**Data provided**

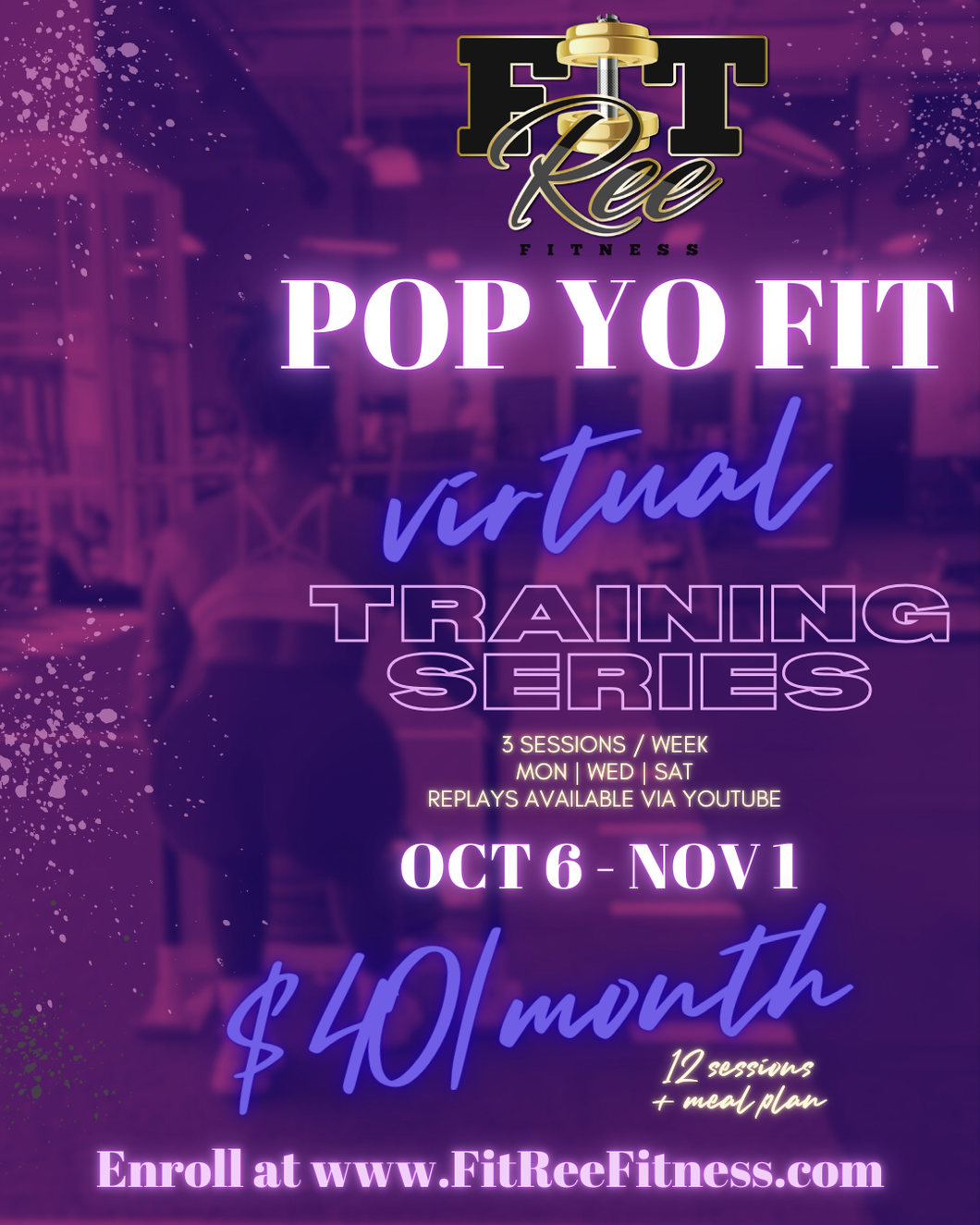 Virtual Training - Oct 2025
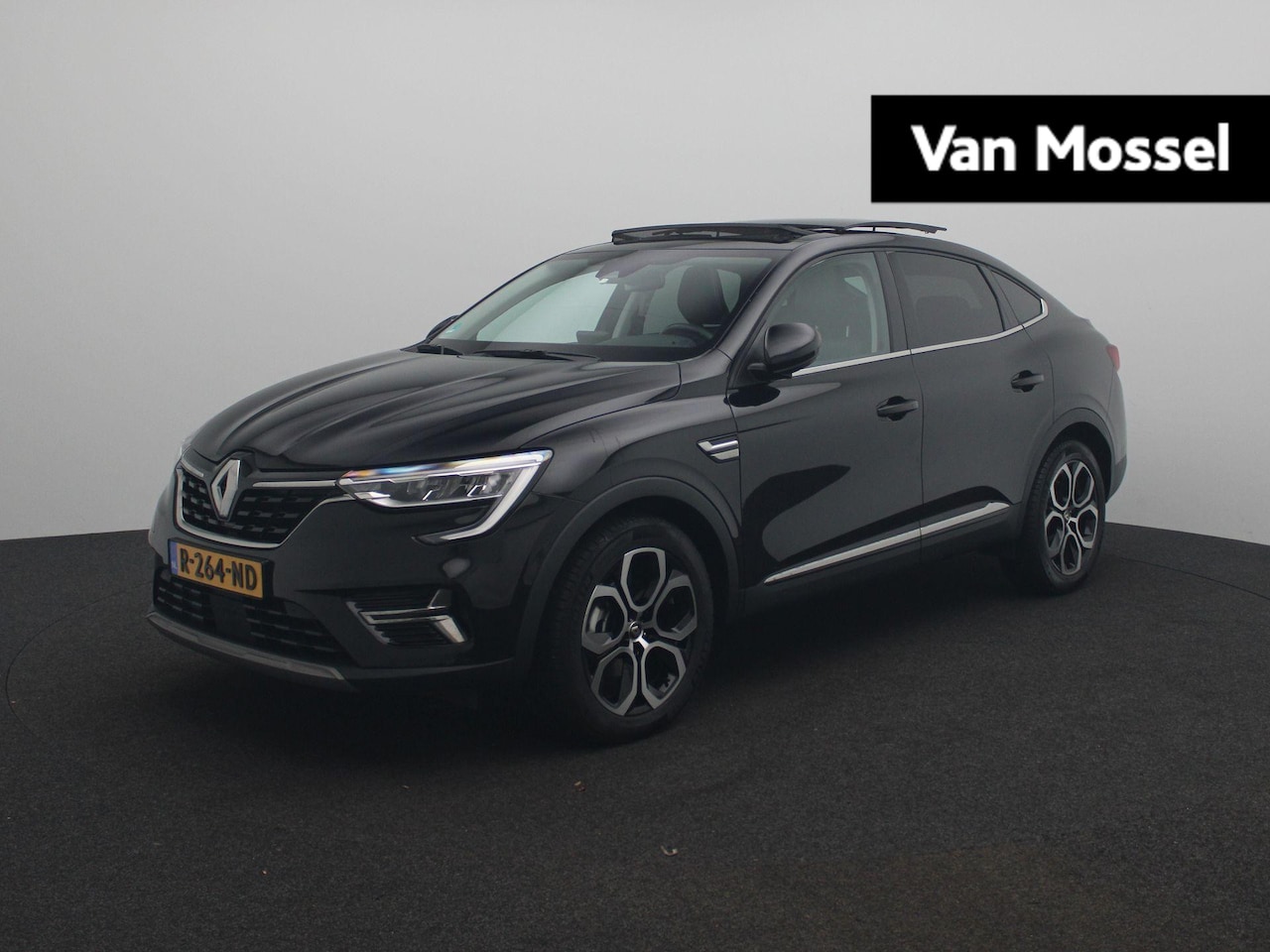 Renault Arkana - 1.6 E-Tech Hybrid 145 Intens | Schuif- en kanteldak | Camera | Navigatie - AutoWereld.nl
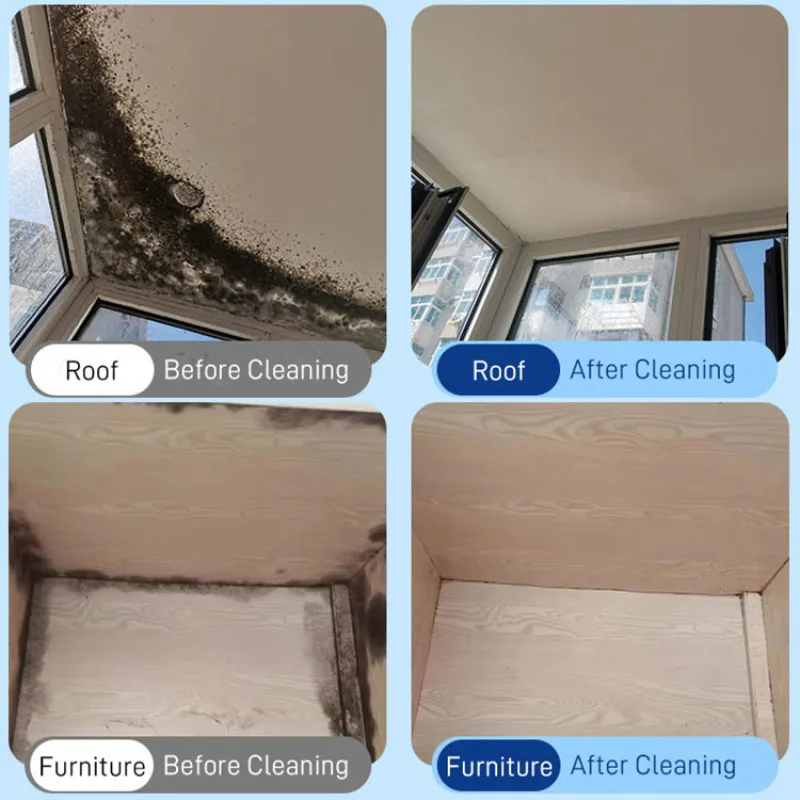 Mildew remover wall remove mold mildew anti-mold agent dual-action all-in-one tile mold cleaner
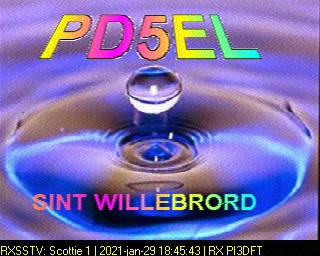 PD5EL: 2021-01-29 de PI3DFT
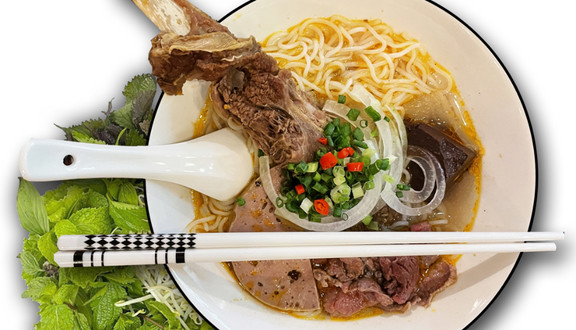 Thaolun - Bún Sườn Bò Hầm - Nghi Tàm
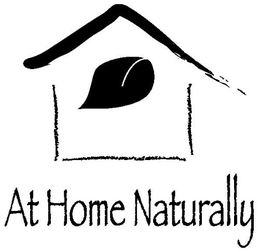 AT HOME NATURALLY trademark
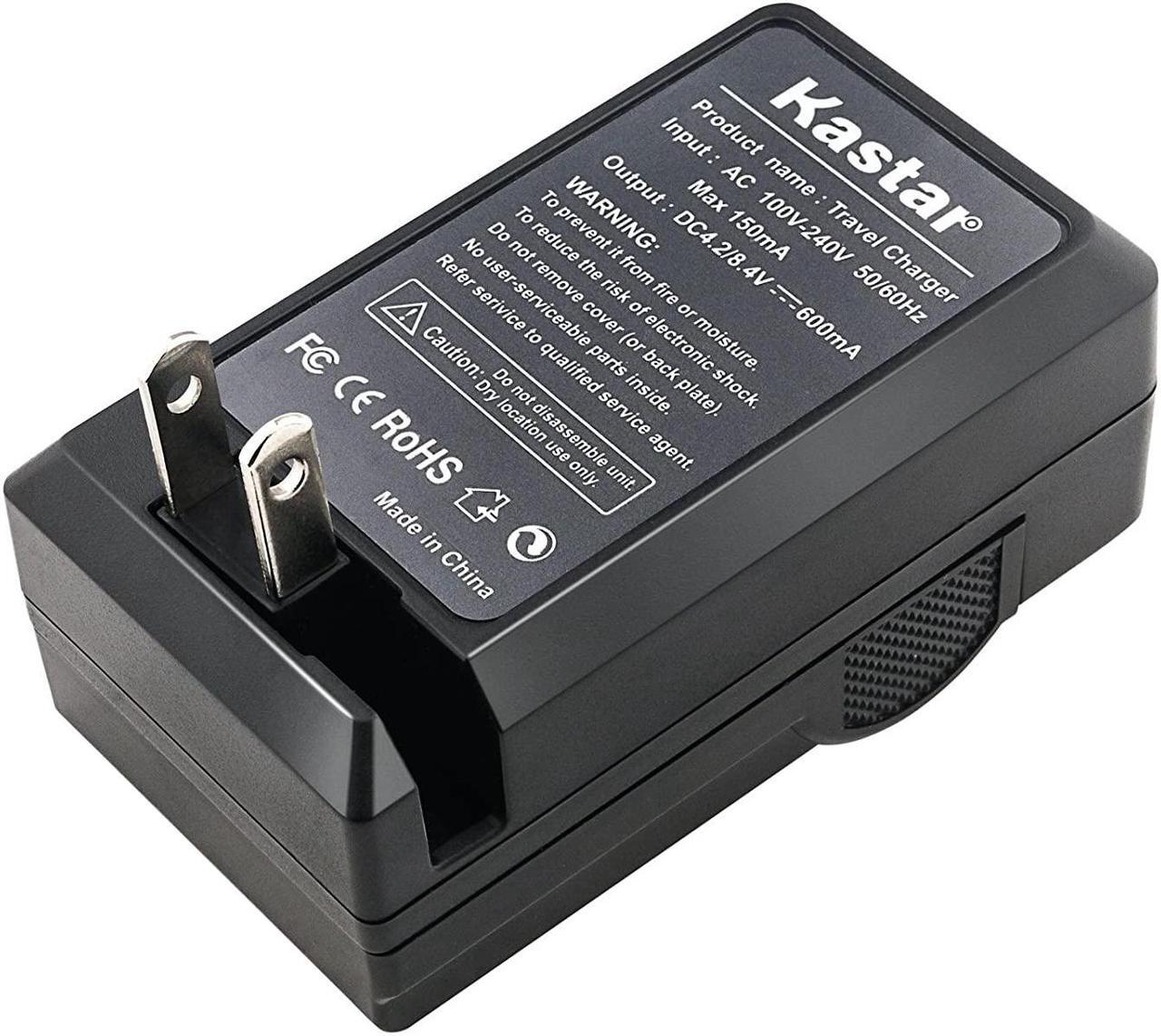 Alt view image 3 of 4 - Kastar Battery Charger Kit for Canon NB-10L Battery, CB-2LC Charger and PowerShot SX40 HS, PowerShot SX50 HS, PowerShot SX60 HS, PowerShot G1 X, PowerShot G3 X, PowerShot G15, PowerShot G16 Camera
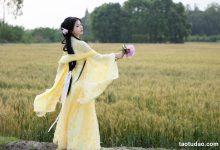 [YITUYU艺图语]2023.05.01 风吹麦浪 若若yuu[21+1P／194MB]-妹子图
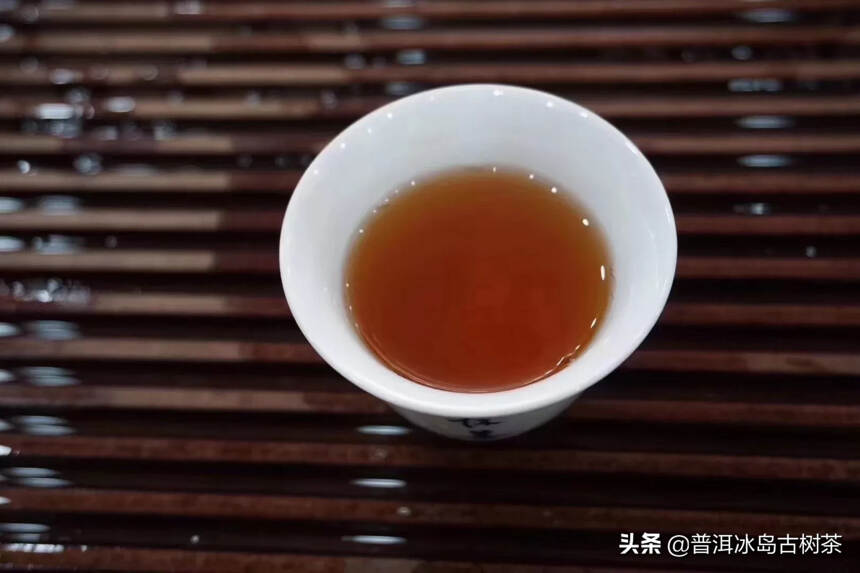 好茶静待有缘人[来看我][来看我]#茶# 99年油光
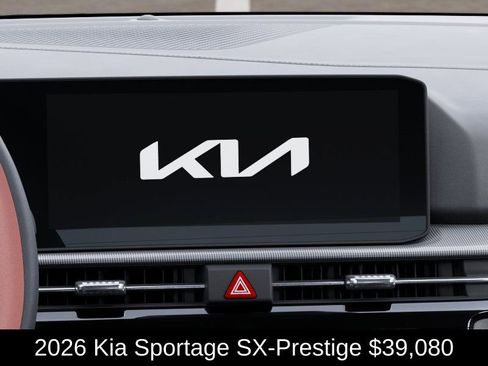 New 2026 Kia Sportage SX FWD image 21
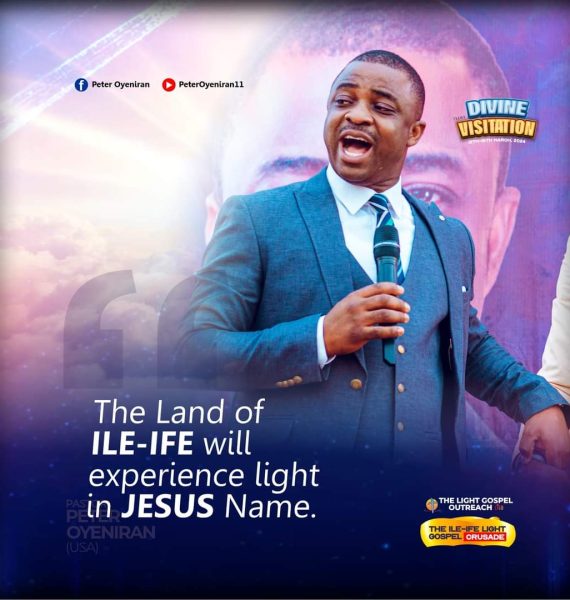 Ile Ife Crusade, The Light Visitation (7)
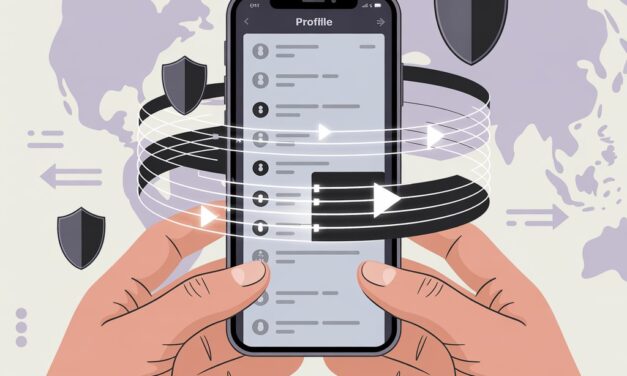 How to change the region in TikTok via VPN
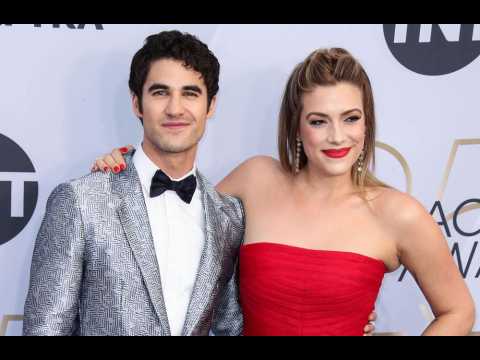 Darren Criss turned his wedding into a rock show
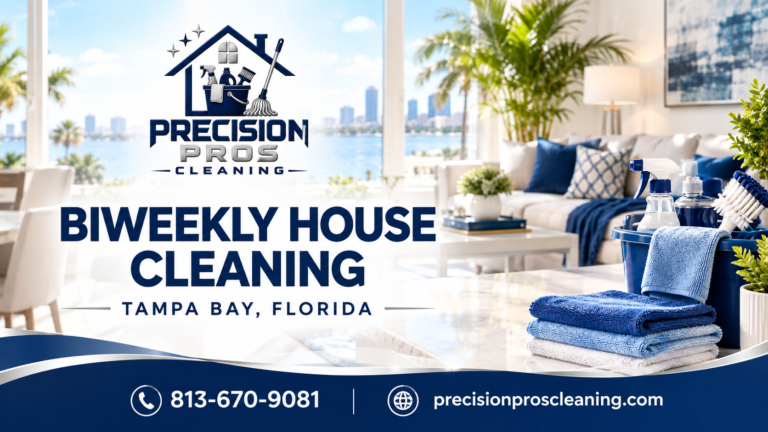 biweekly house cleaning Tampa Bay
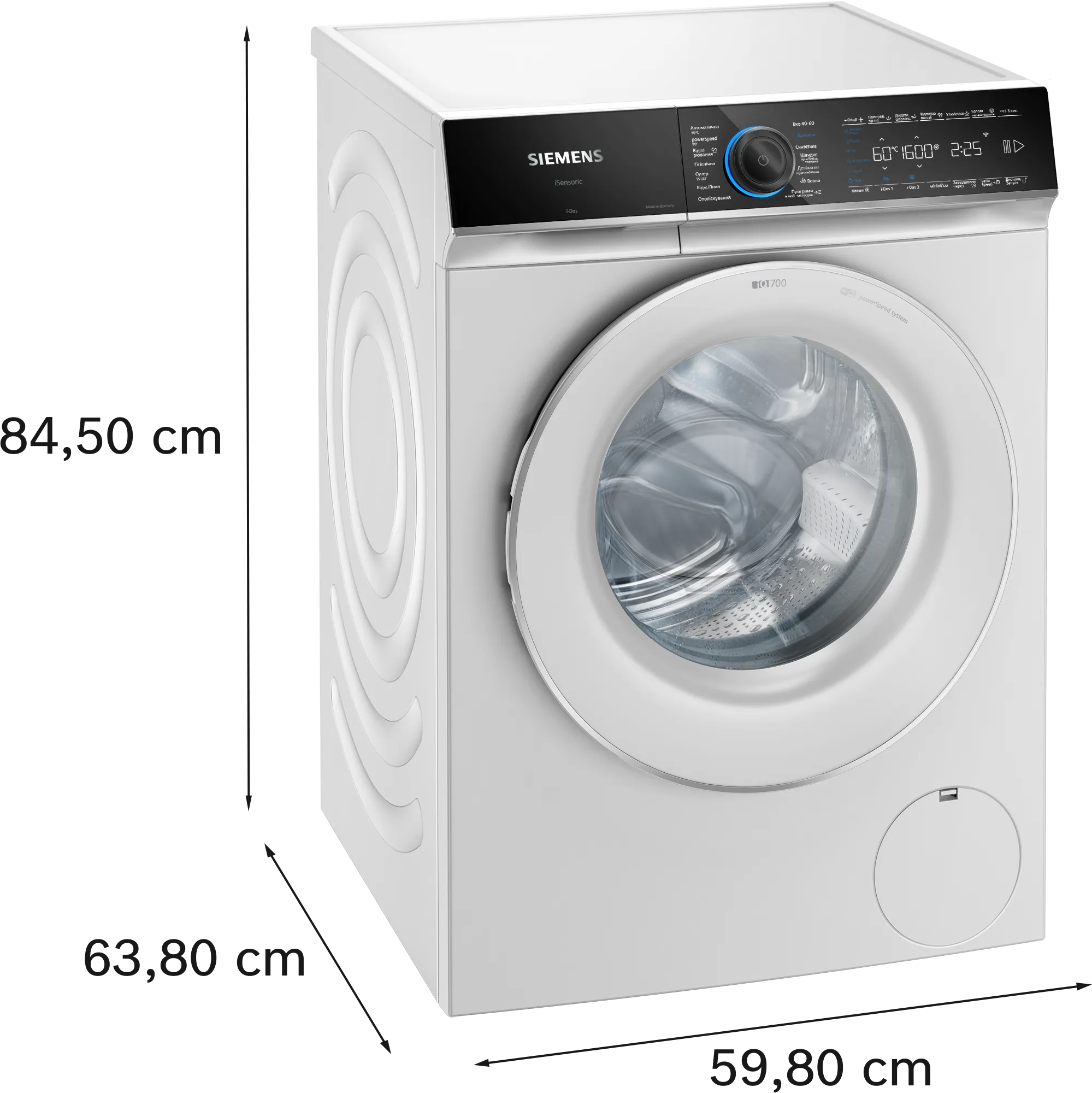 Фото Nr. 5 продукта WG56B2A1UA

**Exercise objective**
Set each line of the records down again exactly as it reads. Omit the pictures.

**Answer to this task**
 Virtual Training - Oct 2025
 Renault Arkana - 1.6 E-Tech Hybrid 145 Intens | Schuif- en kanteldak | Camera | Navigatie - AutoWereld.nl
 Mildew remover wall remove mold mildew anti-mold agent dual-action all-in-one tile mold cleaner
 PD5EL: 2021-01-29 de PI3DFT
 Thaolun - Bún Sườn Bò Hầm - Nghi Tàm
 AT HOME NATURALLY trademark
 Alt view image 3 of 4 - Kastar Battery Charger Kit for Canon NB-10L Battery, CB-2LC Charger and PowerShot SX40 HS, PowerShot SX50 HS, PowerShot SX60 HS, PowerShot G1 X, PowerShot G3 X, PowerShot G15, PowerShot G16 Camera
 [YITUYU艺图语]2023.05.01 风吹麦浪 若若yuu[21+1P／194MB]-妹子图
 好茶静待有缘人[来看我][来看我]#茶# 99年油光
 New 2026 Kia Sportage SX FWD image 21
 Ile Ife Crusade, The Light Visitation (7)
 How to change the region in TikTok via VPN
 Darren Criss turned his wedding into a rock show
 biweekly house cleaning Tampa Bay
 Фото Nr. 5 продукта WG56B2A1UA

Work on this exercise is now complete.